**Task requirements**
Give again only what runs from the line with "Gri arka planda siyah çanta modeli." to the final line of the entries below, exactly as written and without pictures.

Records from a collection
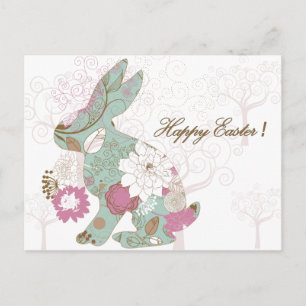 Cartes Pour Fêtes Annuelles Lapin de Pâques avec superposition florale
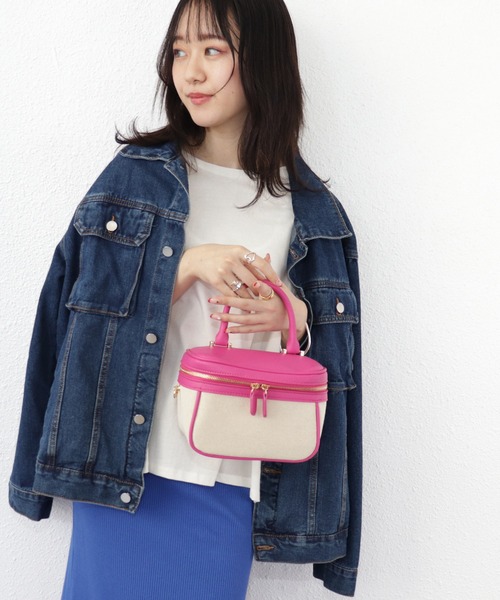 Shelly island(シェリーアイランド)の「キャンバスバニティバッグ(ハンドバッグ・レディース・ピンク/グリーン/ブラック・FREE)」の14枚目の写真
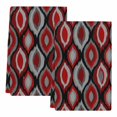thumbnail image 2 of Red Black Geometric Kitchen Towels Set of 2, Abstract Art Diamond Modern Absorbent Dish Towels for Kitchen, Microfiber Hand Towel, Quick Drying Tea Towel for Cleaning Decorative Dishcloths, 2 of 7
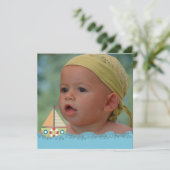 Zeilbots Birthday Party Photo Uitnodigt Kaart (Staand voorkant)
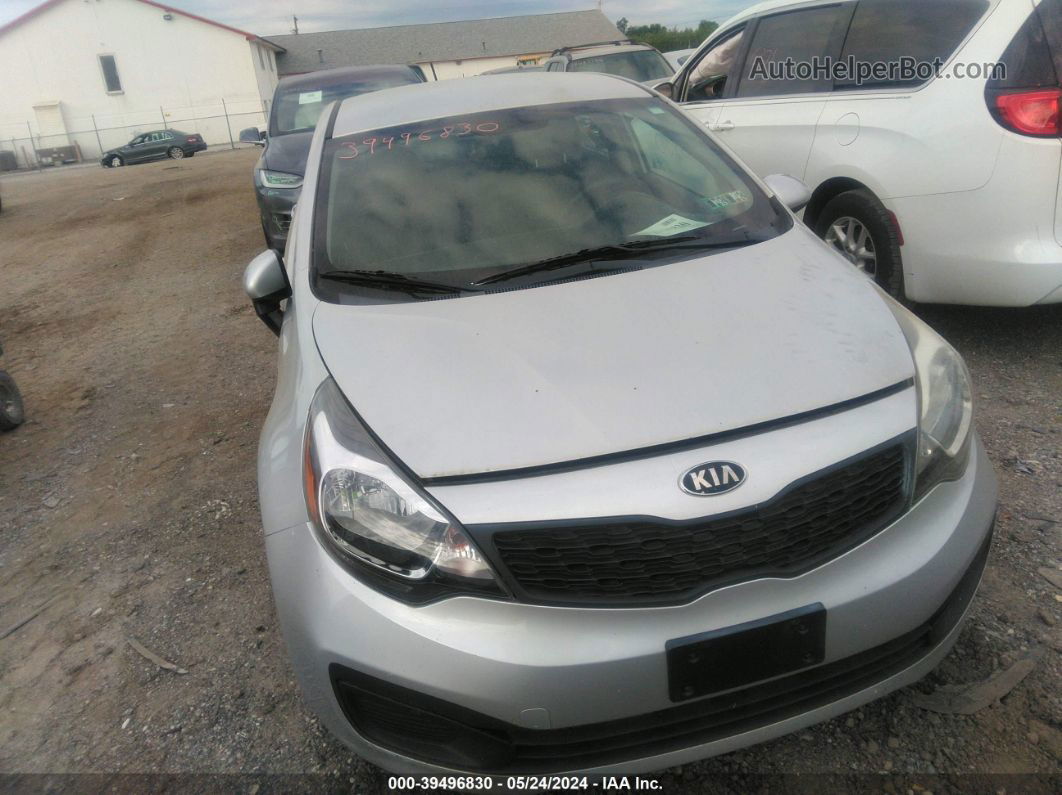 2014 Kia Rio Lx Silver vin: KNADM4A36E6386625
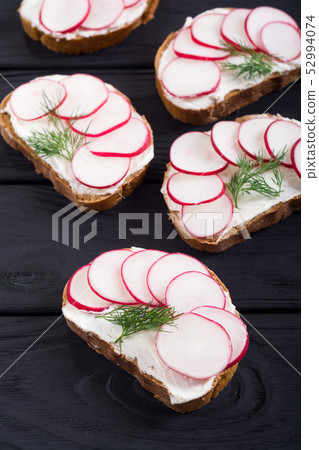 Healthy vegetable toasts sandwith with radish and Healthy vegetable toasts sandwith with radish and 52994074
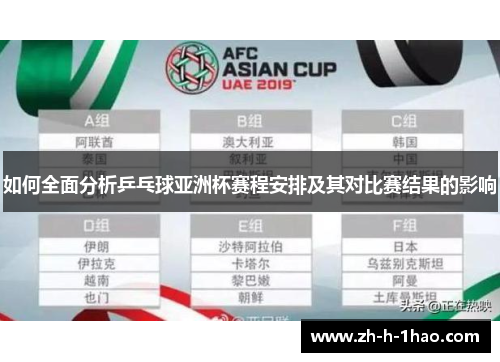 如何全面分析乒乓球亚洲杯赛程安排及其对比赛结果的影响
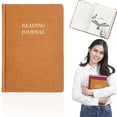 thumbnail image 3 of PU Leather Reading Journal Planner Notebook, Daily Notepad For Book Lovers, 176 Pages Assorted Colors (Yellow, 21*14.8), 3 of 7
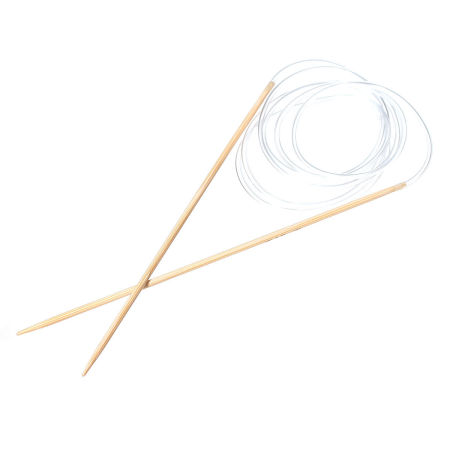 (US1 2.25mm) Bamboo Circular Knitting Needles Natural 120cm(47 2/8") long, 1 Pair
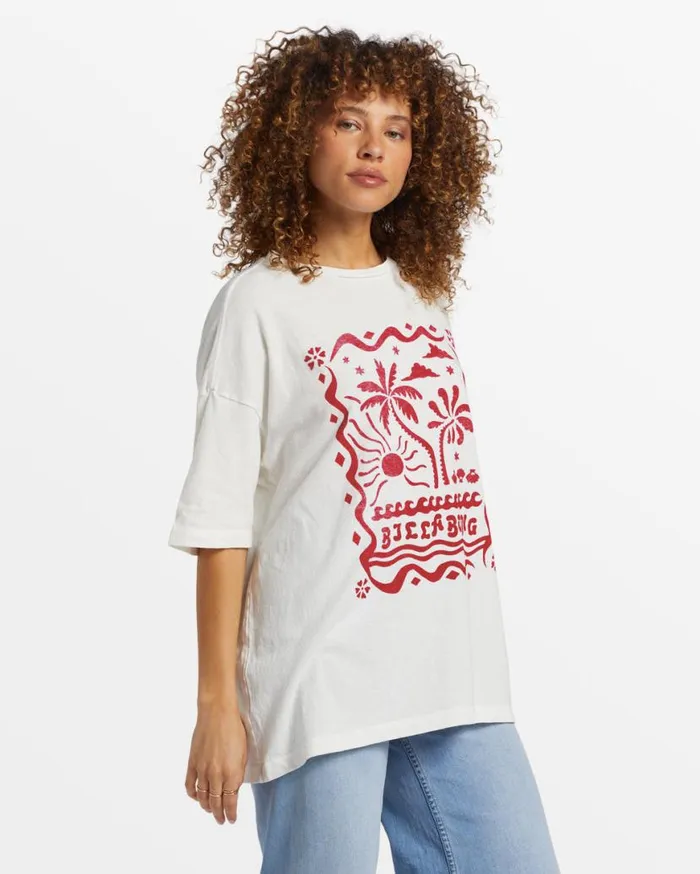 Womens Coastal Tides Oversized TShirt Salt Crystal Billabong Graphic Tees and Tanks Womens Coastal Tides Oversized TShirt Salt Crystal Billabong Graphic Tees and Tanks
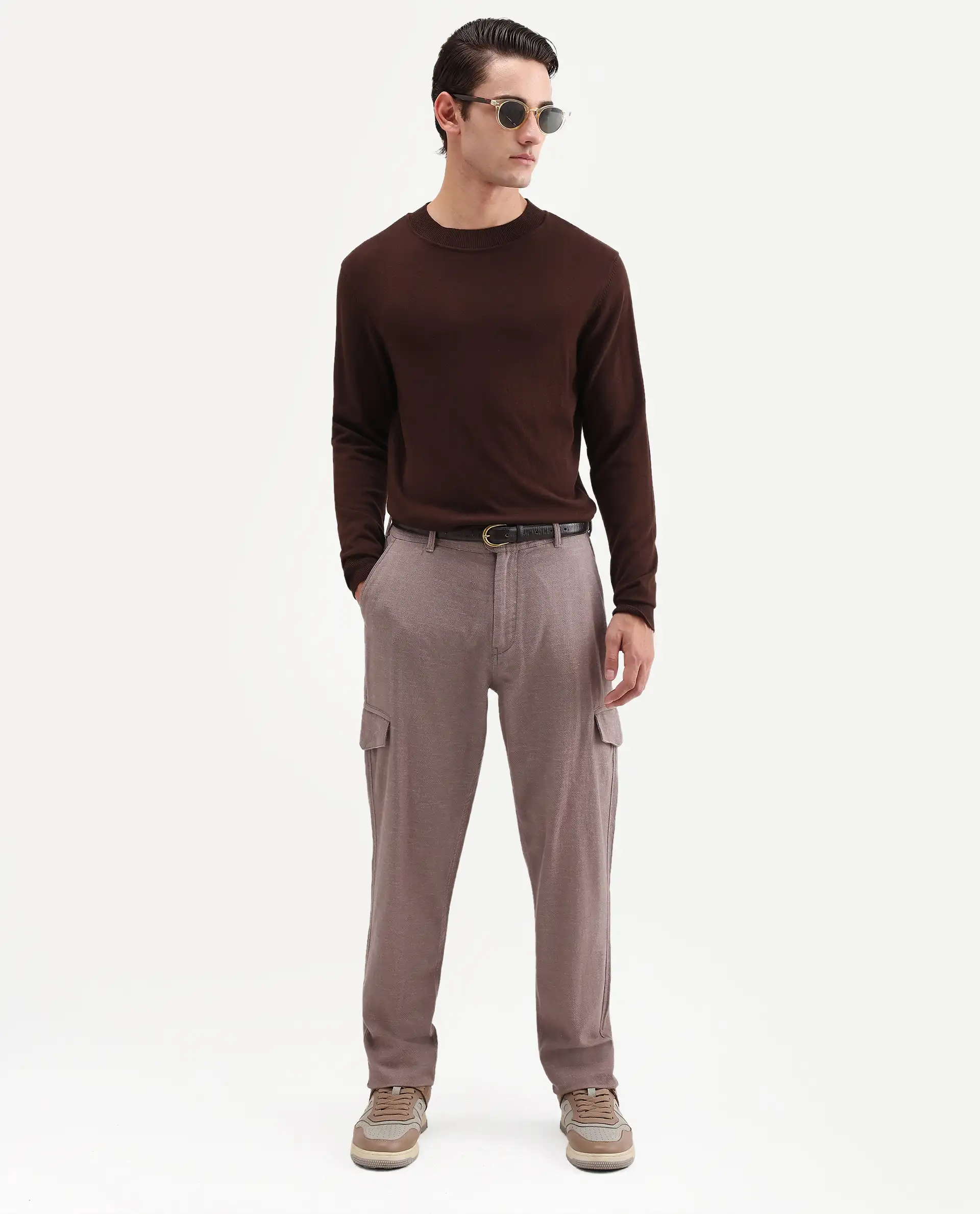 Rare Rabbit Men's Haxlr-B Dusky Brown Cotton Blend Fabric Regular Fit Plain Cargo Trouser - Image 7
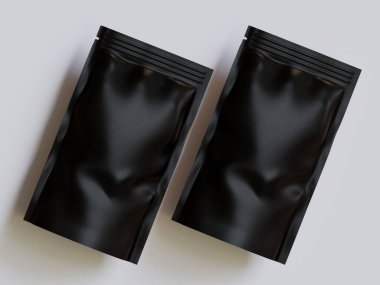 Gri arka planda siyah çanta modeli.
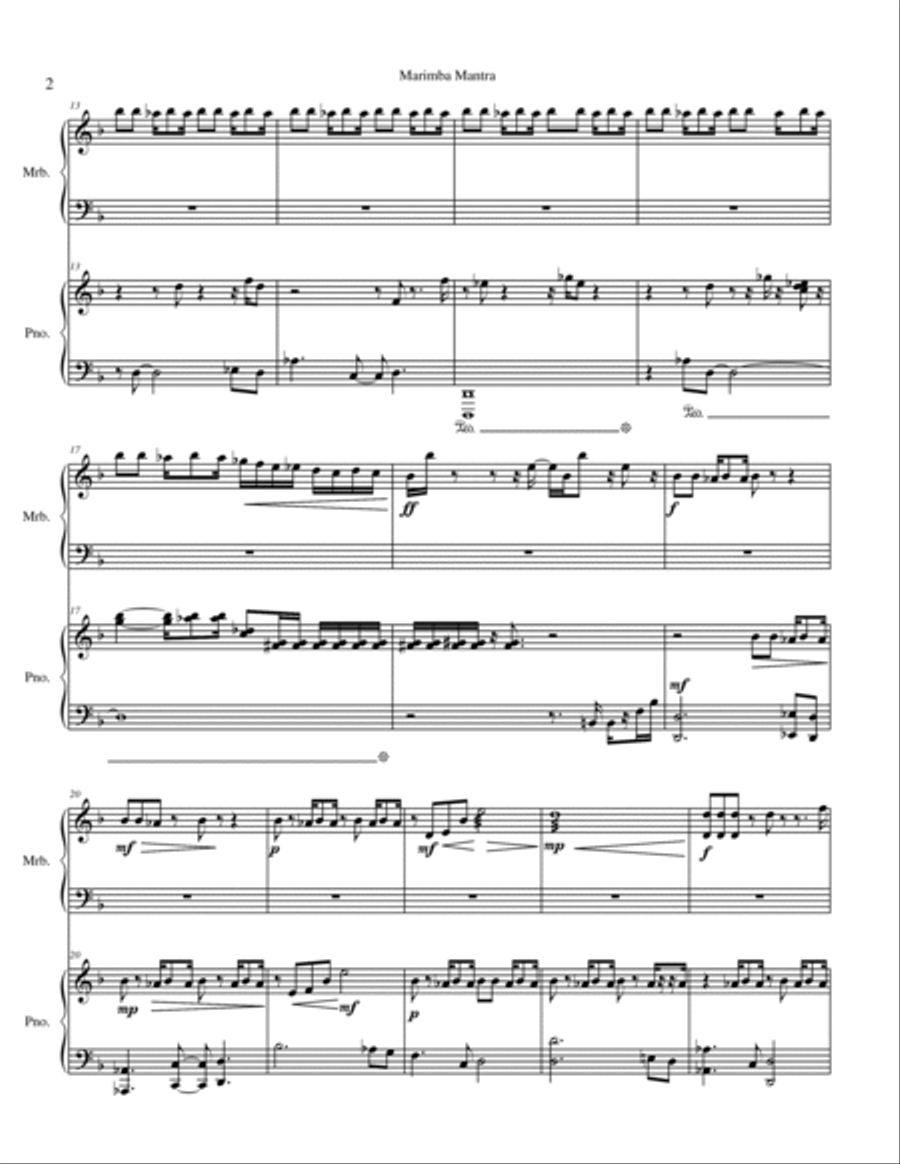 Marimba Mantra Percussion Ensemble scores gallery preview page 2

**Your solution**
 Gri arka planda siyah çanta modeli.
 Marimba Mantra Percussion Ensemble scores gallery preview page 2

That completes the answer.